» PROBLEM TO SOLVE
What lines in this listing contain the string "watching"? Report each one by copying it.

» PROVIDED MATERIAL
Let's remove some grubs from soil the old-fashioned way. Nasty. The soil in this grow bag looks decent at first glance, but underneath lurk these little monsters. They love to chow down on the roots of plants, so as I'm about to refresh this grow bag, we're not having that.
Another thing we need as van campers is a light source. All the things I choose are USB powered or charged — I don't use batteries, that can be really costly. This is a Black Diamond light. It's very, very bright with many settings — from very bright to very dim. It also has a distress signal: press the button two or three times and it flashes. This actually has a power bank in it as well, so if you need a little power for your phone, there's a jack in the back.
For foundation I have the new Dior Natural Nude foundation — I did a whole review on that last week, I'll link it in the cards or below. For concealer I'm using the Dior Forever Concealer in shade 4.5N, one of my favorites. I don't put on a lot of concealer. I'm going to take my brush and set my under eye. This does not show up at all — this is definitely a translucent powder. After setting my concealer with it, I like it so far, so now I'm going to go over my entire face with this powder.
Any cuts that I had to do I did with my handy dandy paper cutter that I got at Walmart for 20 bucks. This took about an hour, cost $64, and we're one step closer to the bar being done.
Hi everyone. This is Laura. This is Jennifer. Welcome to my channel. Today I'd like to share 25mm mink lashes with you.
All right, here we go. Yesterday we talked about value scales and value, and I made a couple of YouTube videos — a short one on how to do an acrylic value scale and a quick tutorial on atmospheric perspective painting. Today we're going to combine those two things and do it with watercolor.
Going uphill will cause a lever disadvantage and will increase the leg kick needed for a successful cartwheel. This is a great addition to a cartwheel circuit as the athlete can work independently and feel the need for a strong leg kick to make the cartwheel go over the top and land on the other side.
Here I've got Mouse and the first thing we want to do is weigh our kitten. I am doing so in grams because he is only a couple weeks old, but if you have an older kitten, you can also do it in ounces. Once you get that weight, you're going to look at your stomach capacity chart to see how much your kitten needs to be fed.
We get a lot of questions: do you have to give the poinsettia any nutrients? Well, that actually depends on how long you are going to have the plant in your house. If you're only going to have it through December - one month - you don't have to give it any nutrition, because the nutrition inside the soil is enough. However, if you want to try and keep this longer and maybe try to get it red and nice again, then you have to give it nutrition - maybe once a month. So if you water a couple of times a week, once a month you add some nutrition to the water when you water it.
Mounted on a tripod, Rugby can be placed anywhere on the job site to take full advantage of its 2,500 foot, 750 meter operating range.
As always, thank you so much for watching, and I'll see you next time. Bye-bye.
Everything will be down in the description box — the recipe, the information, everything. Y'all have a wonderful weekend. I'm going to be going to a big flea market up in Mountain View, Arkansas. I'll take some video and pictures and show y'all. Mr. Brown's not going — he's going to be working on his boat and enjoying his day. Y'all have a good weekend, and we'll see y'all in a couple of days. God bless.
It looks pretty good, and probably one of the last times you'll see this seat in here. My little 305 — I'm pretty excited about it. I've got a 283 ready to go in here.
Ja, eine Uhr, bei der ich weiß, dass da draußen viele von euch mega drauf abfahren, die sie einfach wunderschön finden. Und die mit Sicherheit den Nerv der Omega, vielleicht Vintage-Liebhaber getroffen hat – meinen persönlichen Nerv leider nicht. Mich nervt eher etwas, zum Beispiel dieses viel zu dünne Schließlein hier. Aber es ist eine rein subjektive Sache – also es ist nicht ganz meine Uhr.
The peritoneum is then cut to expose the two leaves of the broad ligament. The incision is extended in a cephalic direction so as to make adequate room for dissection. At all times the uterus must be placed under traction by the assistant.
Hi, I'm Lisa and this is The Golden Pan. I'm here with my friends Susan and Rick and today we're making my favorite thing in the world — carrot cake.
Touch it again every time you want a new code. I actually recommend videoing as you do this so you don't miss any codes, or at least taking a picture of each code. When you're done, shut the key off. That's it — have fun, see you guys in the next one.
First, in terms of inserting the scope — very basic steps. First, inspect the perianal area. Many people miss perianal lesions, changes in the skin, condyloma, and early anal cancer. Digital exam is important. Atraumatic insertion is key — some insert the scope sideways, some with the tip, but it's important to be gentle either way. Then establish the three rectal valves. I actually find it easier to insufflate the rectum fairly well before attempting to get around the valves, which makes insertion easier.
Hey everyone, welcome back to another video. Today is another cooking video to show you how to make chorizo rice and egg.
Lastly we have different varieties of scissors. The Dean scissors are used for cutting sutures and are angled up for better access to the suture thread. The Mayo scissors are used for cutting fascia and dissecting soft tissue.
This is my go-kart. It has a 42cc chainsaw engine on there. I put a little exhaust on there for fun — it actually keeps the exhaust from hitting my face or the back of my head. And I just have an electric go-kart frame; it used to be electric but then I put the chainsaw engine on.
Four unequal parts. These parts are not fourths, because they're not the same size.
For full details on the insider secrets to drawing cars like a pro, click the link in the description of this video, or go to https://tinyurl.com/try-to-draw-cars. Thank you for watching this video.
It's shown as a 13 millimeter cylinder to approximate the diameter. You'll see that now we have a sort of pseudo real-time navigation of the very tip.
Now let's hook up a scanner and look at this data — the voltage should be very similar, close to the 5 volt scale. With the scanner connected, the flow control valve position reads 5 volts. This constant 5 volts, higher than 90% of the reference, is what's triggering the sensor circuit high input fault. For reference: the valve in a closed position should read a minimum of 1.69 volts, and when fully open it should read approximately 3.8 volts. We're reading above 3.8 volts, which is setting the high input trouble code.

» RESULT OF THE TASK
As always, thank you so much for watching, and I'll see you next time. Bye-bye.
For full details on the insider secrets to drawing cars like a pro, click the link in the description of this video, or go to https://tinyurl.com/try-to-draw-cars. Thank you for watching this video.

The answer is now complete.